Her role as president at Matregen is more of a consultant position, she says, where she works very closely with Paul Chipperton, vice-president of business development, and Nathan Bryson, PhD, vice-president of research and development.
At the same time, Shoichet is a professor at U of T where she continues to run a 19-person lab.
Balancing her time and performing the mental switch between these roles is difficult.
“I will solve problems differently in academia than I will in a company. And that’s always a constant struggle,” she says.
“Probably the biggest challenge is that the mandate at the university is so much different from the mandate at the company,” she says. “At the University of Toronto, the mandate is to advance knowledge and to create knowledge. And we do that very well. But the mandate of a company is really to make products and to make money.”
These differences in mandate also translate into other areas of her work.
“In a university . . . you’re working with undergraduate or graduate students working on their master’s or PhDs or post-docs, but they’re here largely because they want to be,” Shoichet says. “Also, you’re training them to leave.
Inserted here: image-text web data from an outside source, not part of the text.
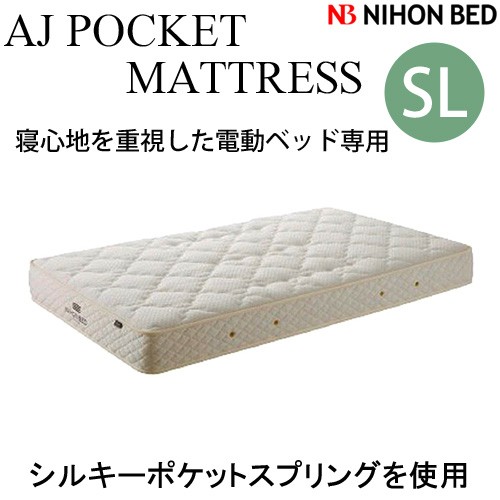 日本ベッド Slマット Ajシルキーポケット 電動ベッド専用 マットレス シングルロングサイズ 代引き不可商品となります 搬の通販はau Pay マーケット 家具の穴場カナケン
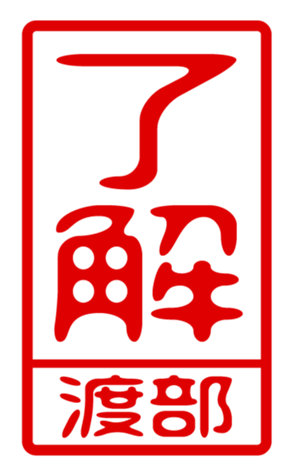 440676151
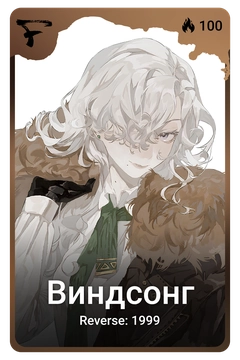 Коллекционная карточка
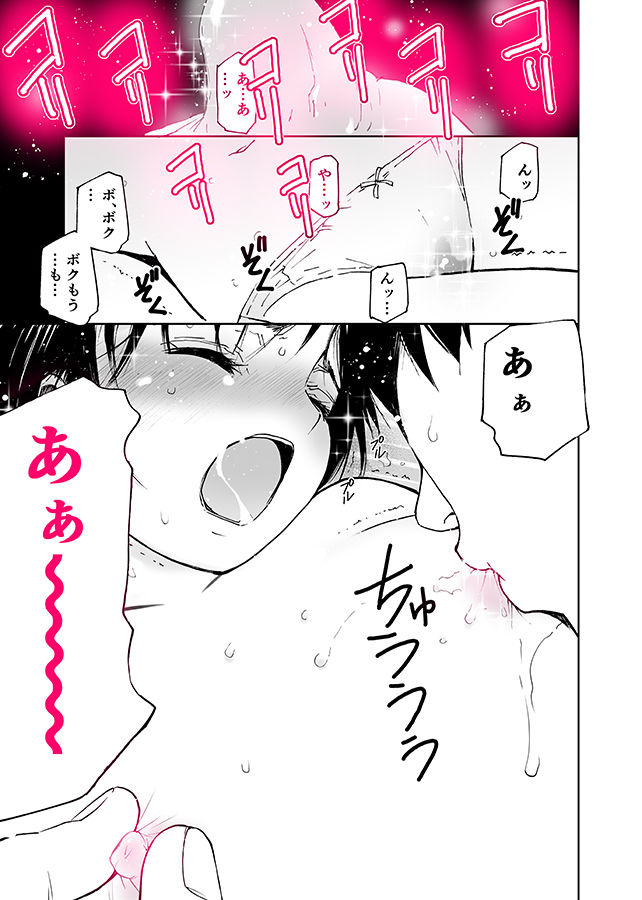 サンプル画像5:5センチメートルのかなた（初愛～はつあい～27）(田中ユタカ) [d_175934]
At the end of the day, they’re not supposed to stay here.
“In a company, there’s a lot of training, but you want them to stay,” she says. “It’s a very different focus and mentality, because they can go work anywhere else.”
Ensuring she was creating an attractive workplace that would draw and retain the right kind of people was something Shoichet never had to face in a university lab.
“What I think about in my lab is making sure that . . . we have the right equipment we need to do the research, that the questions that we’re asking are really interesting and stimulating, so that they’re engaged intellectually,” she says. “But not about making it a fluffy place.”
Regardless of how different those roles are, Shoichet enjoys playing them both.
“I think what’s fascinating for me is, I love learning,” she says. “So I love learning all about the business and having a part in the commercialization of the technology.
“But I also love inventing and I love creating, and I think that’s where my great strength is . . . I really thrive in the pursuit of knowledge.”
Passing on that knowledge also seems give Shoichet satisfaction.
“At Matregen, I get to pursue how that translates to not just advancing knowledge, which we’re doing in the lab, but having some practical benefit,” she says. “So I think that’s very exciting.”